Task details: The output should be the records themselves, given again exactly.

Recorded data Start Marker

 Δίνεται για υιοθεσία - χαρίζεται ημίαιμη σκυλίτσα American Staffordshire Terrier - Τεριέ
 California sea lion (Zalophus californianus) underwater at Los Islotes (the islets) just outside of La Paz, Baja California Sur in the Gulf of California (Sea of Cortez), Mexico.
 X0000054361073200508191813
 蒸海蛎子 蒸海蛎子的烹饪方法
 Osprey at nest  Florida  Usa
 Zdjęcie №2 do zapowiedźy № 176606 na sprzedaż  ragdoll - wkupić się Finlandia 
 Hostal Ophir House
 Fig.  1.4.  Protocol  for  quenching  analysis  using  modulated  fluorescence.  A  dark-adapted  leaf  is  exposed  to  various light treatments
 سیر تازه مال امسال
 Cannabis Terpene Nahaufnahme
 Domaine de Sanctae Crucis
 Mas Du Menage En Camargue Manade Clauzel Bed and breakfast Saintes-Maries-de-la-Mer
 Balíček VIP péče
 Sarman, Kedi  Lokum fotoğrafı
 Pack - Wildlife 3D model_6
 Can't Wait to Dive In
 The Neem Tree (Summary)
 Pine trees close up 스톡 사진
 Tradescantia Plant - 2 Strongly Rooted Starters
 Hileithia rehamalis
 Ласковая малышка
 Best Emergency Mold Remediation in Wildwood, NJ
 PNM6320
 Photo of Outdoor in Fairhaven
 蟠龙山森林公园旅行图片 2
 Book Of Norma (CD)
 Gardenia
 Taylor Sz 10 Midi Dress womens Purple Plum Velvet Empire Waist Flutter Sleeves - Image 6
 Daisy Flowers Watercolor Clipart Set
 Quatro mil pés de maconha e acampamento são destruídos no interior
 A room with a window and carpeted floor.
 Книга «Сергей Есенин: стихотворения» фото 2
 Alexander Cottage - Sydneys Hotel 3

Recorded data End Marker

Response:
 Δίνεται για υιοθεσία - χαρίζεται ημίαιμη σκυλίτσα American Staffordshire Terrier - Τεριέ
 California sea lion (Zalophus californianus) underwater at Los Islotes (the islets) just outside of La Paz, Baja California Sur in the Gulf of California (Sea of Cortez), Mexico.
 X0000054361073200508191813
 蒸海蛎子 蒸海蛎子的烹饪方法
 Osprey at nest  Florida  Usa
 Zdjęcie №2 do zapowiedźy № 176606 na sprzedaż  ragdoll - wkupić się Finlandia 
 Hostal Ophir House
 Fig.  1.4.  Protocol  for  quenching  analysis  using  modulated  fluorescence.  A  dark-adapted  leaf  is  exposed  to  various light treatments
 سیر تازه مال امسال
 Cannabis Terpene Nahaufnahme
 Domaine de Sanctae Crucis
 Mas Du Menage En Camargue Manade Clauzel Bed and breakfast Saintes-Maries-de-la-Mer
 Balíček VIP péče
 Sarman, Kedi  Lokum fotoğrafı
 Pack - Wildlife 3D model_6
 Can't Wait to Dive In
 The Neem Tree (Summary)
 Pine trees close up 스톡 사진
 Tradescantia Plant - 2 Strongly Rooted Starters
 Hileithia rehamalis
 Ласковая малышка
 Best Emergency Mold Remediation in Wildwood, NJ
 PNM6320
 Photo of Outdoor in Fairhaven
 蟠龙山森林公园旅行图片 2
 Book Of Norma (CD)
 Gardenia
 Taylor Sz 10 Midi Dress womens Purple Plum Velvet Empire Waist Flutter Sleeves - Image 6
 Daisy Flowers Watercolor Clipart Set
 Quatro mil pés de maconha e acampamento são destruídos no interior
 A room with a window and carpeted floor.
 Книга «Сергей Есенин: стихотворения» фото 2
 Alexander Cottage - Sydneys Hotel 3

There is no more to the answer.